> _Material provided_:
BEGIN
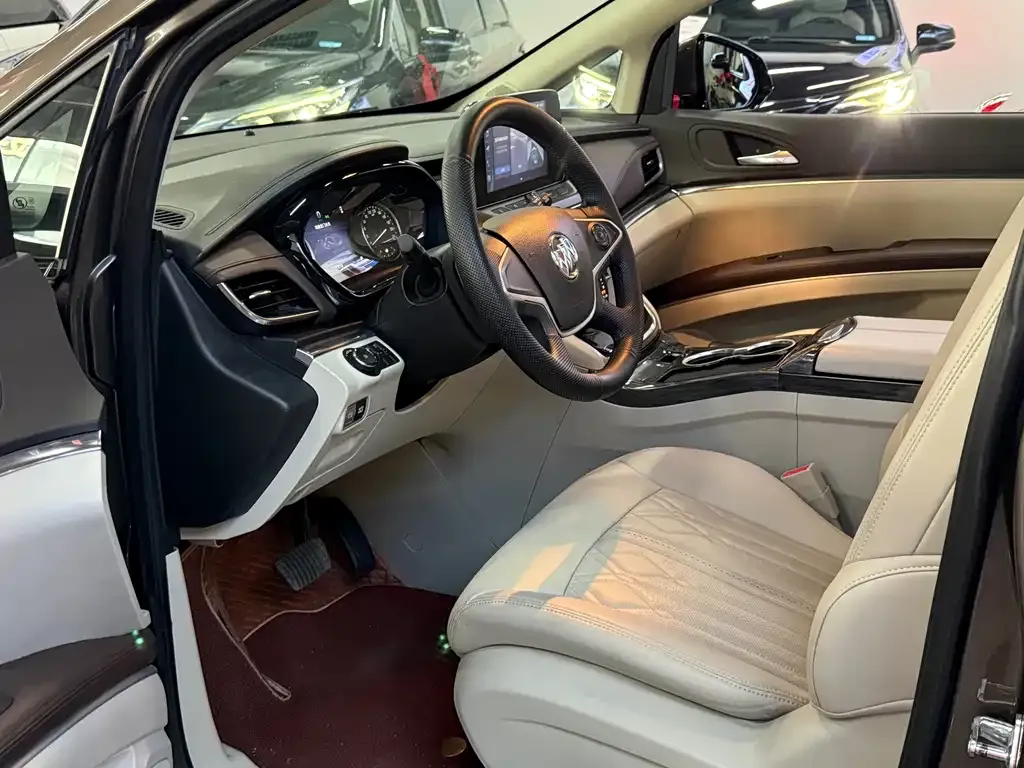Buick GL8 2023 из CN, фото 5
END
BEGIN
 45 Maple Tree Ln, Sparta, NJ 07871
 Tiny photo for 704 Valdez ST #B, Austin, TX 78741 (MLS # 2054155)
END
Every line above from the line with "45 Maple Tree Ln, Sparta, NJ 07871" to the line with "Tiny photo for", both included, must be reproduced exactly, and no other line may appear.

> _Reply to the exercise_:
 45 Maple Tree Ln, Sparta, NJ 07871
 Tiny photo for 704 Valdez ST #B, Austin, TX 78741 (MLS # 2054155)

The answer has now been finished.